Week ending 24th February 2023.

As you can see from the accompanying table global equity markets have had a challenging week as strong company earning statements and economic data releases point to a global economy that is more robust than expected – which in turn heightened speculation that central banks will continue to tighten monetary policy.

For example, the UK’s PMI data showed businesses returned to growth in February for the first time since last July with a reading of 53.0 (50 is the line separating expansion and contraction).  Although consensus estimates indicated an improvement from January’s 48.5 reading, it was only to 49.0 – which was still in contraction territory.  Likewise, it was a similar story in the Eurozone (with a reading of 53.0, up from 50.8 in January) and the US (50.2 up from 46.8).
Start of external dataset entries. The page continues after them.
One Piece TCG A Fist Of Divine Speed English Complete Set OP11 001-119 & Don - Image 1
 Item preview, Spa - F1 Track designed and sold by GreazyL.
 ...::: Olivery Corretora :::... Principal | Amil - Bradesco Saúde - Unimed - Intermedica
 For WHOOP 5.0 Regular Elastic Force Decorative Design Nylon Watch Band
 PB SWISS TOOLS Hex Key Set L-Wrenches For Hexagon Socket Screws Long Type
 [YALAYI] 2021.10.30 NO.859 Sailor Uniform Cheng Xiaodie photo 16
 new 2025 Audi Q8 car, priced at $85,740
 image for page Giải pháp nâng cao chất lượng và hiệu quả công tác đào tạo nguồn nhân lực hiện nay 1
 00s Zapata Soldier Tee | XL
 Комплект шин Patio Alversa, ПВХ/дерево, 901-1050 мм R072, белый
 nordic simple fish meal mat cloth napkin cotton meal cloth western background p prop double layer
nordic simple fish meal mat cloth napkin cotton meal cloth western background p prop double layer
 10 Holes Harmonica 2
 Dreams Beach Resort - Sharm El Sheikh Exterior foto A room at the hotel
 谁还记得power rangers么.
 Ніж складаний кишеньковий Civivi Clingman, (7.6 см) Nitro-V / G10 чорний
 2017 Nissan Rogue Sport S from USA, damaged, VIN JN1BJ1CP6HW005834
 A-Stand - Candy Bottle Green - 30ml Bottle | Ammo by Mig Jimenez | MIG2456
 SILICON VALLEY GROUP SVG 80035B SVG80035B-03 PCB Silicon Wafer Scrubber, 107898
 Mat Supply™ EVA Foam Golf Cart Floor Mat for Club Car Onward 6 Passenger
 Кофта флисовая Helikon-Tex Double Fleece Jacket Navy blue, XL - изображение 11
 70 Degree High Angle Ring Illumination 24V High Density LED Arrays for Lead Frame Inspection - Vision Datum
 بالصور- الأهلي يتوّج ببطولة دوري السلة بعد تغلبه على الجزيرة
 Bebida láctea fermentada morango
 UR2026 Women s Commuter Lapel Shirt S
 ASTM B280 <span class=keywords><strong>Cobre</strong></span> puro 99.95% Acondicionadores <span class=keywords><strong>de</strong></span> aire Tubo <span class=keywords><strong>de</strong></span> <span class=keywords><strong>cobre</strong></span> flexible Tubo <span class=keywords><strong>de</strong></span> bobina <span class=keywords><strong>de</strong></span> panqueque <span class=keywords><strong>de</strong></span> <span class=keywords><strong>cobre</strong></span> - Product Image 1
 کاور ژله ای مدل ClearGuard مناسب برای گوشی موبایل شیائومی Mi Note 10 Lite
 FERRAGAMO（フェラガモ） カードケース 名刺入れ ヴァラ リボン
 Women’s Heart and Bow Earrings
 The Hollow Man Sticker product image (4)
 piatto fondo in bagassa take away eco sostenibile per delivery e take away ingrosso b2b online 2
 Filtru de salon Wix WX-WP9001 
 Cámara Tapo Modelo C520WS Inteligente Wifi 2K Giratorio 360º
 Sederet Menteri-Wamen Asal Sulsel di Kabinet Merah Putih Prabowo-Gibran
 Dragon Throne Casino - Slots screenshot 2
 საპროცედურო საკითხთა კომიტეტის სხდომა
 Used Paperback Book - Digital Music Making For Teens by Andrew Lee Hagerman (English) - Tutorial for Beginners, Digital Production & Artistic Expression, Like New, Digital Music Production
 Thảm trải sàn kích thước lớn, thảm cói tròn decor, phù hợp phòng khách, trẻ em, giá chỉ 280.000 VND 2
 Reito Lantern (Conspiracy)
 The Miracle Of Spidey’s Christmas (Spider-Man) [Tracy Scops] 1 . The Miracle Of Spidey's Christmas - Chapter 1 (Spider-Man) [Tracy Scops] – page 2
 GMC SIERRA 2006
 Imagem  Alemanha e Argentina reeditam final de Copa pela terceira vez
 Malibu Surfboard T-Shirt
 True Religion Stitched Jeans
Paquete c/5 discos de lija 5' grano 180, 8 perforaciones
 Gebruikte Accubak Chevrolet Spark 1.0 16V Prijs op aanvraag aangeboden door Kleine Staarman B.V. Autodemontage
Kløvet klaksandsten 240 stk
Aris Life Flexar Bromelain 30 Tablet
UK consumer confidence also jumped strongly (albeit still close to historic lows) – and resilient households bode well for the UK economy as consumer spending accounts for around 60% of the UK’s GDP.

Although these readings are very welcome as it significantly reduces the short-term chances of a recession, it is likely to result in central bank policymakers continuing to increase interest rates and/or keep them high for a long time.

Compounding this speculation was the release of the minutes from the last Fed monetary policy meeting on Wednesday evening (22 February 2023).

Although the minutes largely confirmed what we already knew, in that there was agreement that inflationary pressures were easing, on the whole the minutes were slightly more hawkish than expected as not only did a number of policymakers want a larger interest rate increase at the meeting, but most policymakers appear to think interest rates need to be increased further in the coming meetings – and it should be noted that the meeting was before the recent strong economic data, which one would speculate will only add to their conviction that higher interest rates are needed.

Accordingly, financial markets moved to price-in that US interest rates could potentially increase by nearly another 1% by the summer.

Looking ahead to this coming week we have US durable goods orders; US ISM; Eurozone CPI inflation; Chinese PMI; Japanese industrial production; and Japanese retail sales.